Джилли как-то сказала:
- Не понимаю, что такого особенного в этом столе, неужели вся его ценность состоит в том, что он был сделан во времена Великой Армады? Только взгляни - как будто моль поела! - И она показала на ножки, все в рытвинках, с ободранной полировкой, совсем неопрятного вида.
- В шестнадцатом веке каменные полы мыли пивом, потому что пиво их отбеливает. Пиво идеально подходит для камня, но не для дерева, а брызги-то летят постоянно…
- Изъеденные ножки доказывают подлинность?
- Схватываешь с лету.
Я любил этот стол больше остальных своих приобретений, потому что он заложил фундамент моего состояния. Через шесть месяцев после побега из Итона я накопил немного денег мытьем полов в «Сотбис» и основал собственное дело, толкая тележку по окраинам процветающих провинциальных городков и покупая все сколько-нибудь стоящее, что мне предлагали. Просто старье я продавал в магазины подержанных вещей, а лучшие предметы - дилерам и к семнадцати годам подумывал открыть свой магазин.

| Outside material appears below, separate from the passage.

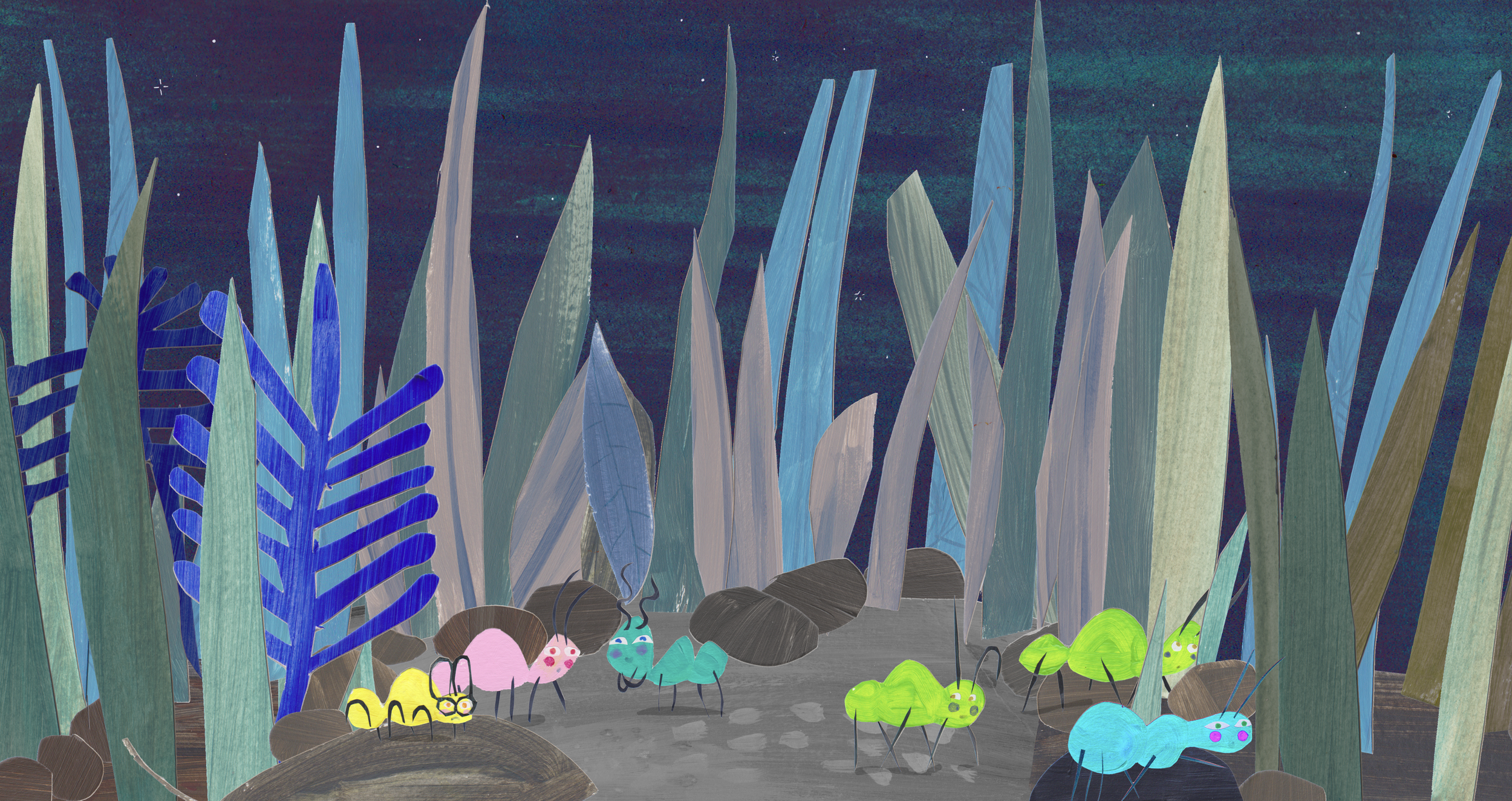 Screenshot 2026-03-12 at 03.14.37.png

Испанский стол я увидел в гараже у того самого человека, у которого только что приобрел комод поздней Викторианской эпохи. Я посмотрел на перекрестье брусков из сварочного железа, укрепляющих основательные квадратные ножки под четырехдюймовой столешницей, и почувствовал страшную нервную дрожь.
Хозяин использовал его как козлы при оклейке стен, и стол был заляпан пятнами краски.
- Я куплю и его тоже, если хотите, - сказал я.
- Но это же простой старый рабочий стол.
- Так… сколько вы за него хотите?
Он посмотрел на мою тележку, на которую только что помог мне водрузить комод. Посмотрел на двадцать фунтов, которые я только что заплатил ему, посмотрел на мои ношеные-переношеные джинсы и безрукавку и сказал добродушно:
- Нет, парень, не могу тебя грабить. И кроме того, погляди, у него все ножки внизу изъедены.
- Я мог бы еще двадцатку предложить, - сказал я нерешительно. - Но это и все, что у меня с собой.
Пришлось долго его убеждать, и в конце он согласился принять от меня пятнадцать фунтов. А потом еще качал головой, повторяя, что мне лучше бы заняться учебой, пока я окончательно не разорился. Но я отчистил стол, заново отполировал прекрасную крышку из орехового дерева и продал его через две недели дилеру, которого знал со времен «Сотбис», за двести семьдесят фунтов.
С этой выручкой, значительно увеличившей мои сбережения, я открыл первый магазин, и удача никогда ко мне спиной не поворачивалась; когда через двенадцать лет я продал дело американскому синдикату, это уже была целая сеть из одиннадцати магазинов, сияющих, чистых, полных сокровищ.
Некоторое время спустя в сентиментальном порыве я отыскал тот испанский стол и выкупил его. Затем нашел того человека из гаража, он занимался мелким ремонтом, и дал ему двести фунтов, чем чуть не довел его до разрыва сердца. Вот почему я считал, что только у меня есть полное право класть ноги на ту дорогую столешницу.
- Откуда у тебя эти ушибы? - спросила Джилли, идя на кровати в запасной комнате и глядя, как я раздеваюсь.